In considering the outcomes of our study note should be taken of the following limitations. First, is that a cross-sectional study, the DHS unlike a longitudinal study can only support conclusion on association rather than causation. Second, the analysis was limited to variables contained in the DHS. Measurement of laboratory-based variables, and anthropometric measurement could have facilitated the detection of iron and vitamin deficiencies and of course strengthen the conclusions. Finally, recall on intake of iron and vitamin supplements in the survey may not be guaranteed thus introducing some limitations24 and could have engenders some overestimation of nutritional consumption in young children.

Despite these limitations, an all-inclusive set of factors linked to hemoglobin levels and childhood anemia in India has been identified. The representativeness of the large sample suggests the generalizability of the data to resource-limited settings in Asia. As a leading risk factor for childhood anemia in developing countries, iron deficiency anemia pose significant threat to impaired cognitive development in the children1. Universally, strategies promoting iron supplementation, food fortification, and dietary diversification have been promoted to fight against childhood anemia25,26.

While the Indian anemia control programme recommends the intake of iron and folic acid supplements among children younger than 5 years, the results here revealed that a failure of this programme in successfully controlling the occurrence of childhood anemia in Indian populations. This may be due to inefficient and sub-optimal programme implementation, poor adherence, among other causes. Further work on this is required to decipher the factors responsible for the gap between policies and practices regarding the control programmes mounted for anemia in this setting27. Our results therefore strengthen the call for a broad public health strategy for anemia control in Indian children beyond just delivering iron supplementation.

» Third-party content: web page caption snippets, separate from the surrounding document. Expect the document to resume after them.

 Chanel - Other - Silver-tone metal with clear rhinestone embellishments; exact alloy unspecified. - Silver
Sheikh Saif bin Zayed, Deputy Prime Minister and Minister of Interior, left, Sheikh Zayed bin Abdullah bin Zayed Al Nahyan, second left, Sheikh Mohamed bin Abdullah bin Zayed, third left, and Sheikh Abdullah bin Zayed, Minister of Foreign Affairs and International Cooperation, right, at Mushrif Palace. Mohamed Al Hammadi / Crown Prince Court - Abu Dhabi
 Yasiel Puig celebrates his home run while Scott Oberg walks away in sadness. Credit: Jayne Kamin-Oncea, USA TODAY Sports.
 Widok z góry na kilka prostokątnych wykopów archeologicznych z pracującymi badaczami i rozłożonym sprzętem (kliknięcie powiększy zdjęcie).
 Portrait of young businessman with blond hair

Anemia is still prevalent among children in India and requires urgent attention. The results of the analysis of the DHS 2015/2016 data suggest that current efforts, namely iron and nutritional supplementation are necessary but not enough to significantly produce the necessary reduction in the incidence of childhood anemia. On the contrary, a combination of nutritional supplementation and food fortification programmes, as well as maternal anemia reduction efforts with alleviation of family poverty may translate into optimal improvement in the hemoglobin levels of the children.

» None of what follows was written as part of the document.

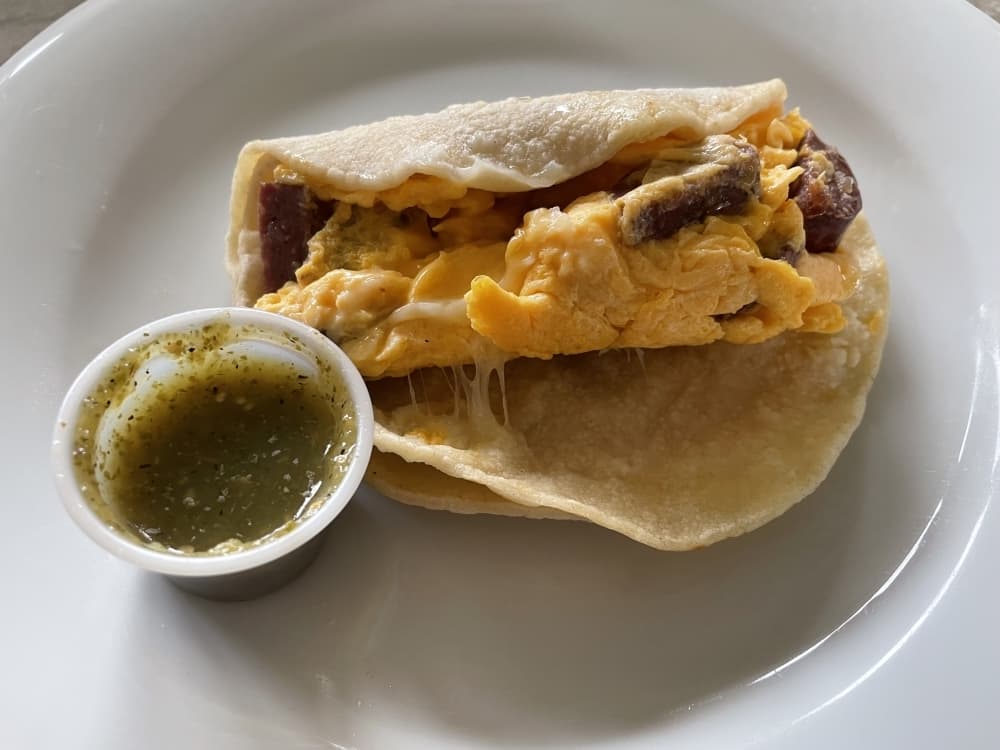 Sausage, egg and cheese breakfast taco.  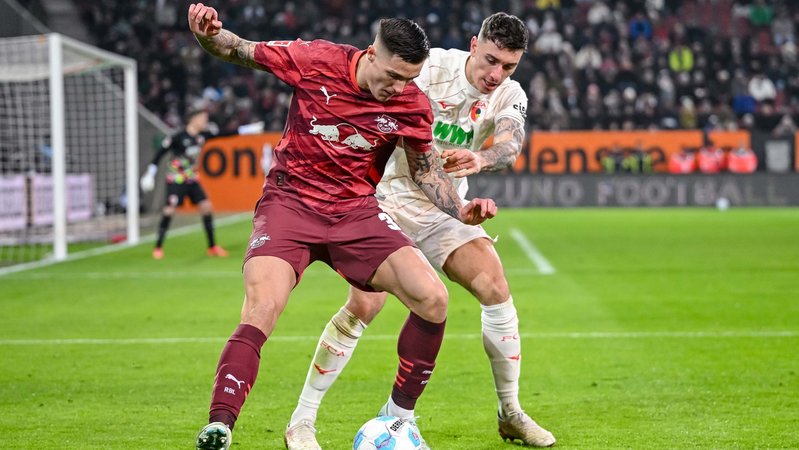 14.02.2025, Bayern, Augsburg: Fußball, Bundesliga, FC Augsburg - RB Leipzig, 22. Spieltag, WWK-Arena. Leipzigs Benjamin Sesko (l) in Aktion mit Augsburgs Cedric Zesiger. Foto: Harry Langer/dpa - WICHTIGER HINWEIS: Gemäß den Vorgaben der DFL Deutsche Fußball Liga bzw. des DFB Deutscher Fußball-Bund ist es untersagt, in dem Stadion und/oder vom Spiel angefertigte Fotoaufnahmen in Form von Sequenzbildern und/oder videoähnlichen Fotostrecken zu verwerten bzw. verwerten zu lassen. +++ dpa-Bildfunk +++ | Bild: dpa-Bildfunk/Harry Langer 14.02.2025, Bayern, Augsburg: Fußball, Bundesliga, FC Augsburg - RB Leipzig, 22. Spieltag, WWK-Arena. Leipzigs Benjamin Sesko (l) in Aktion mit Augsburgs Cedric Zesiger. Foto: Harry Langer/dpa - WICHTIGER HINWEIS: Gemäß den Vorgaben der DFL Deutsche Fußball Liga bzw. des DFB Deutscher Fußball-Bund ist es untersagt, in dem Stadion und/oder vom Spiel angefertigte Fotoaufnahmen in Form von Sequenzbildern und/oder videoähnlichen Fotostrecken zu verwerten bzw. verwerten zu lassen. +++ dpa-Bildfunk +++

  • All methods in the Indian NFHS-4 2015/16 were carried out in accordance with relevant guidelines and regulation of conducting standard Demographic and Health Surveys and was monitored by the International Institute for Population Sciences, Deonar, Mumbai.

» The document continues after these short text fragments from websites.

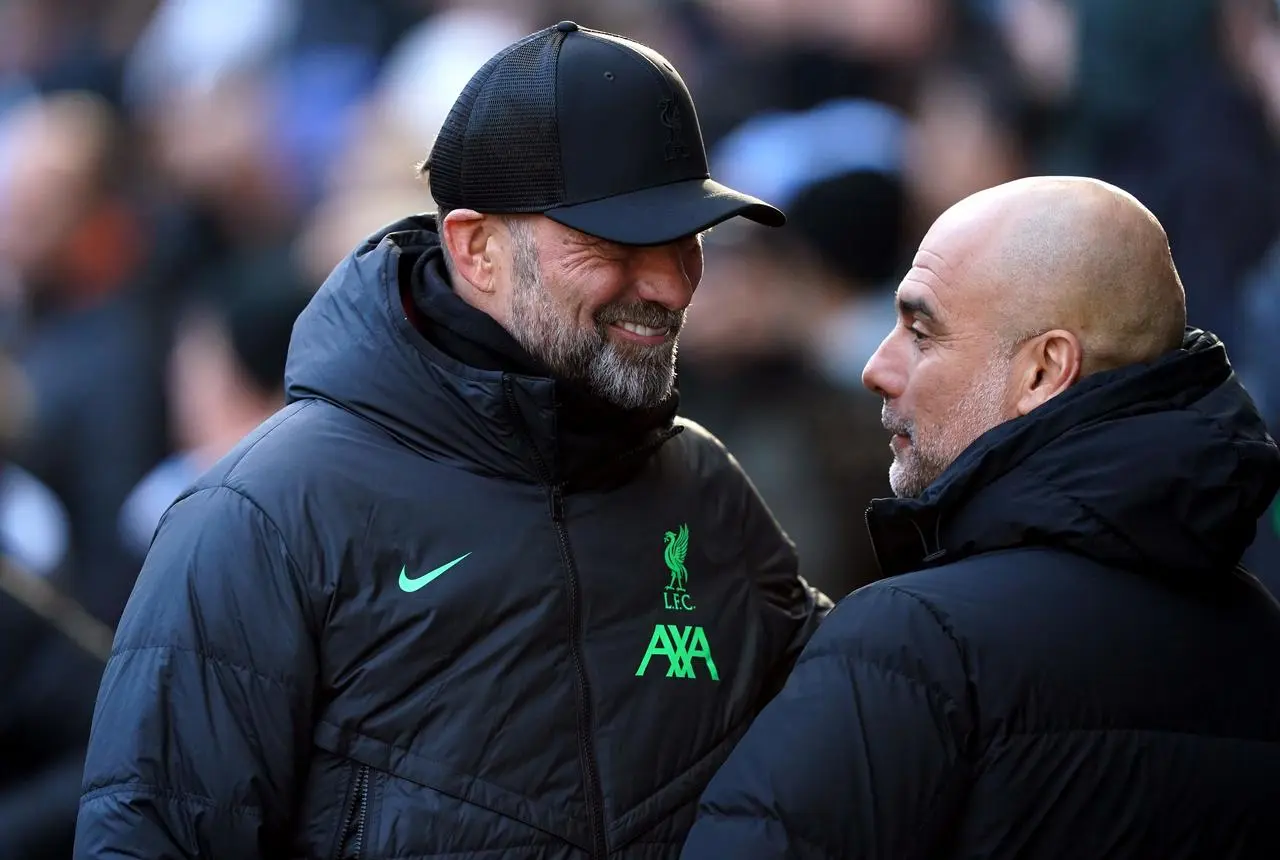 Jurgen Klopp and Pep Guardiola meet on the touchline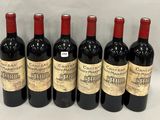 six bouteilles de vin rouge sont alignées sur une surface blanche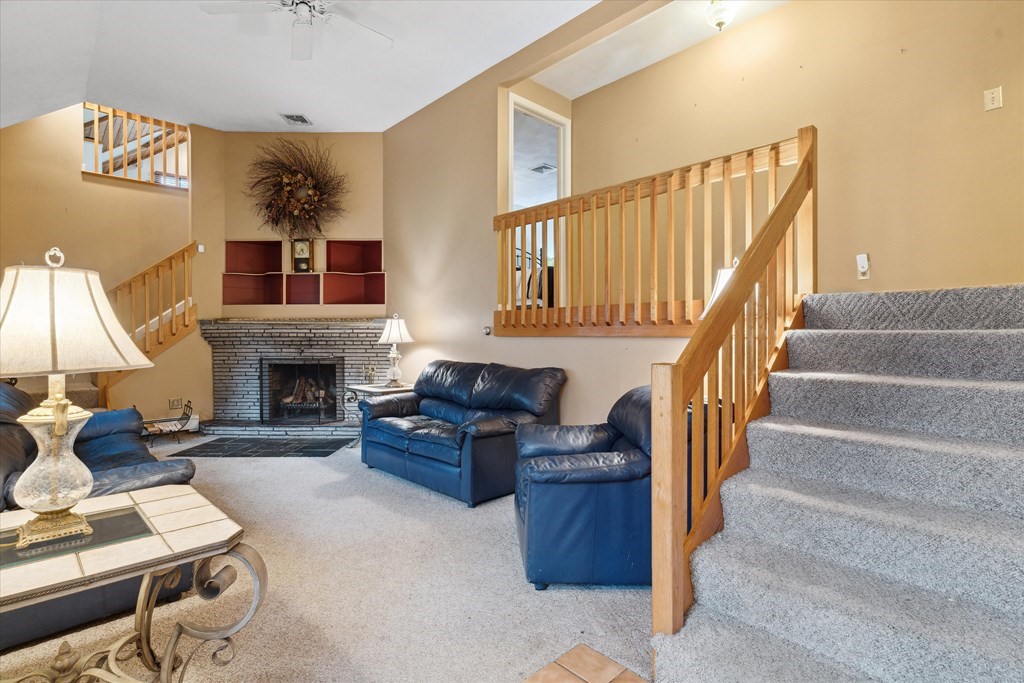 13 Highland Road Boxford, MA 01921 - Photo 3 of 35 a living room with furniture and a fireplace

  • The protocol for the collection of data under the NFHS-4 2015/16 was approved by the Indian Ethics Review Board and the Ministry of Health and Family Welfare

  • The paper employed data collected with the high standards of ethical compliance in all Demographic and Health Surveys (DHS). In the collection of this data, the purpose of the study was explained to the respondents or the case of children to the parent/responsible adult, even before biomarker collection and to obtain their consent before collecting any blood samples. In order to ensure that these individuals can make an “informed” decision about whether or not to be tested for anemia, the DHS questionnaire included consent statements which were read to the respondent. The approach for obtaining consent differed slightly when the eligible individual is a child under age 6 years or an adolescent age 15–17 years. For this category of participants, consent was obtained of one of the child’s parents, and, in the absence of a parent, the consent of a responsible adult who is at least 18 years of age.